Le loup derrière la bergerie

LE LOUP DERRIERE LA BERGERIE - L’Enchanteresse

29 juin 2012 | Par : Alan Deprez (Vivadavidlynch)

Celtic Swallow

Nommé dans la catégorie « Meilleur Film » des Hot d’Or en 2009, L’Enchanteresse est le premier long-métrage de Dist de Kaerth (co-réalisateur de Echap), avec en tête d’affiche l’envoûtante Elodie Bathory (Initiation d’une jeune libertine, Sexuelle randonnée, La soubrette est bonne de... Zob Rombie !) et la pulpeuse Liza Del Sierra (Les concubines, Desperate Sex Wives, le rape and revenge Villa Captive). Elles sont accompagnées pour l’occasion par Mylene Slyver (Pascal le grand frère pineur, Les célébrités du X à la ferme), la craquante Eliska Cross (Au plus profond de Cécilia, Le Bal des Hardeuses, Histoires de sexe(s) d’Ovidie & Jack Tyler) et Bamboo, à l’imposante filmographie (La soirée de connes & Mi putes mi soumises de Patrice Cabanel, Eloge de la chair de Jack Tyler, …).

Côté calibres, elles se la donnent avec Cyril Willis (Un plan cul presque parfait), le routard du hard Pascal Saint James (Pulsions inavouables de Michel Ricaud, Les rêves de Katia, Priscilla, fièvre au peep show d’Alain Payet) et Merlin (!), aperçu dans Proies du vice.

« Si t’étais aussi attentionné qu’abruti, je serais une femme comblée, moi ! » (analyse)

De mystérieux symboles celtiques (croix, écritures, …), flirtant avec le kitsch, apparaissent dès le pré-générique et font l’objet de plans de coupe - amenés en surimpression ou fondus enchaînés - sur lesquels une BO rock cultive le décalage. Ces plans sont stylisés par des effets (flashes, …), l’utilisation du noir et blanc, du sépia, d’une saturation des couleurs excessive ou de choix chromatiques tranchés (tel ce Belzébuth filtré en rouge).

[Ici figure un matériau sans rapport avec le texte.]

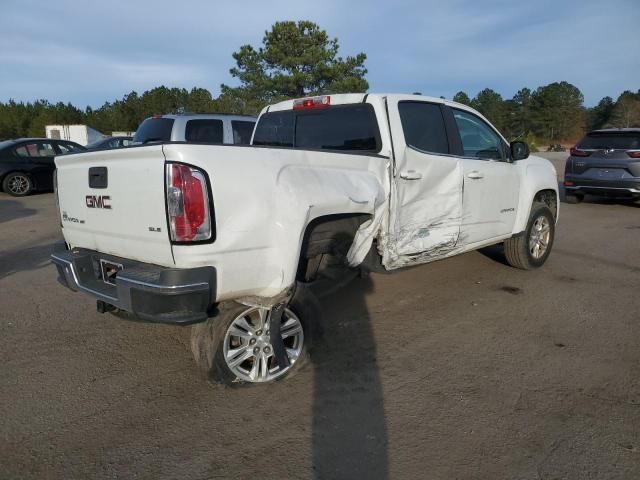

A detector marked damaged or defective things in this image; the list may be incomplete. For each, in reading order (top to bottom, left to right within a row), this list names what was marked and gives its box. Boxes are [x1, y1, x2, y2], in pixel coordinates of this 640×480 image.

damaged rear quarter panel [162, 142, 388, 302]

Dist de Kaerth parsème l’œuvre d’images d’Epinal du genre, convoquant sous-bois ombragés, clairières nimbées de soleil et présence féminine évanescente.

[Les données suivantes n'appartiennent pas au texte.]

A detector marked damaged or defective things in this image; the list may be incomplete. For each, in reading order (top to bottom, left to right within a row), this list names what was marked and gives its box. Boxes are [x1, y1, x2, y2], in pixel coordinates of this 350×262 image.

Basé sur une supposée légende, L’Enchanteresse suit l’itinéraire de deux couples en crise (incarnés respectivement par Mylene Slyver/Cyril Willis & Liza Del Sierra/Merlin), qui décident de partir en vacances pour faire le point. Ils se croisent en bord de mer, puis chacun tente de se réconcilier au lit avec son conjoint. Néanmoins, les vieilles rancœurs affleurent à la surface et déclenchent de nouvelles disputes. Rengaine connue… Si ce n’est que tout ce beau monde finira par rencontrer une divinité de la forêt (la sublime Elodie Bathory) et ressentir son aura surnaturelle, cédant rapidement à l’appel de la chair…

Dans le rôle, la dégaine romantico-gothique, le teint de peau laiteux et le physique gracieux d’Elodie Bathory font des ravages, conférant un charisme certain au personnage. Une allure générale rappelant un peu celle de la non moins divine Ovidie (assurant par ailleurs la voix off du film), qui - comme on le sait - est passée depuis avec succès à la réalisation (Orgie en noir, Lilith, Histoires de sexe(s)). Liza Del Sierra s’exprime quant à elle avec la « verve » qu’on lui connaît dans une séquence fantasmatique à tonalité rose où, vêtue de porte-jarretelles, elle démontre une fois de plus son art. Effectivement, qui ne succomberait pas au « bonbon » de Liza ? Parmi les plus jolies courbes du métier, sans contestation aucune !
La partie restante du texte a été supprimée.